Bangers and Mash is the familiar term for Sausage and Mash, a favorite British and Irish dish. The name bangers is believed to come from the habit of sausages bursting in the pan with a bang if cooked too quickly.

Bangers and Mash is quick and easy to make, and also makes a cheap yet very substantial meal.

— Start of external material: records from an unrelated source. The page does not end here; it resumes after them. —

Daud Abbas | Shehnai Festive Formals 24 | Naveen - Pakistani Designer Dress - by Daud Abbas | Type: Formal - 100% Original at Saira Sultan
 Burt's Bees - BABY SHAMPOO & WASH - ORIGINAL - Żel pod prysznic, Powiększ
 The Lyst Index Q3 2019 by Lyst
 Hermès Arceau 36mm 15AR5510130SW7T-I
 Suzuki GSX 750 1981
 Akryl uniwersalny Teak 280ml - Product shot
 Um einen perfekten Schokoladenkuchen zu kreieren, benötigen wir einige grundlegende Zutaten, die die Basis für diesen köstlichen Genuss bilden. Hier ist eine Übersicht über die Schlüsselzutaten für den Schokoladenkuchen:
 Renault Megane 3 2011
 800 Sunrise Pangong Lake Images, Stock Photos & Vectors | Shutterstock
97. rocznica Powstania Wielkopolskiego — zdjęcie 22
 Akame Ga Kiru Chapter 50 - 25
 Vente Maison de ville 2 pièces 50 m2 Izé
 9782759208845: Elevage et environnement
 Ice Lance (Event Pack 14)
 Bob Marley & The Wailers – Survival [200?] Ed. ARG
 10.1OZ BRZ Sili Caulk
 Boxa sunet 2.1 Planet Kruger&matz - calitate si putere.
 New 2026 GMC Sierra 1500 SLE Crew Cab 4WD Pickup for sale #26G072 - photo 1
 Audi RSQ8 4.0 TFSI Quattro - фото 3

A great favorite with children.


Bangers and Mash with Onion Gravy Recipe

Yields: 4 servings
Prep Time: 15 minutes
Cook Time: 40 minutes
Total Time: 55 minutes


2 tablespoons vegetable oil
8 thick sausages (beef, pork, or flavored)

For the Mash
2 lbs potatoes, peeled and quartered
6 tablespoons milk
1 stick butter, cubed
Salt and ground black pepper
2 medium onions, peeled and thinly sliced

For the Onion Gravy
2 medium onions, peeled and thinly sliced
2 tablespoons vegetable oil
2 tablespoons butter
1 teaspoon sugar
1 teaspoon balsamic vinegar
2 cups beef broth
4 teaspoons cornstarch
4 teaspoons cold water
Salt and ground black pepper


For the Onion Gravy
1. Put the oil and butter in a large sauce pan and melt over a gentle heat. Add the onion and cover with a lid. Cook slowly for approximately 10 minutes or until the onions are soft.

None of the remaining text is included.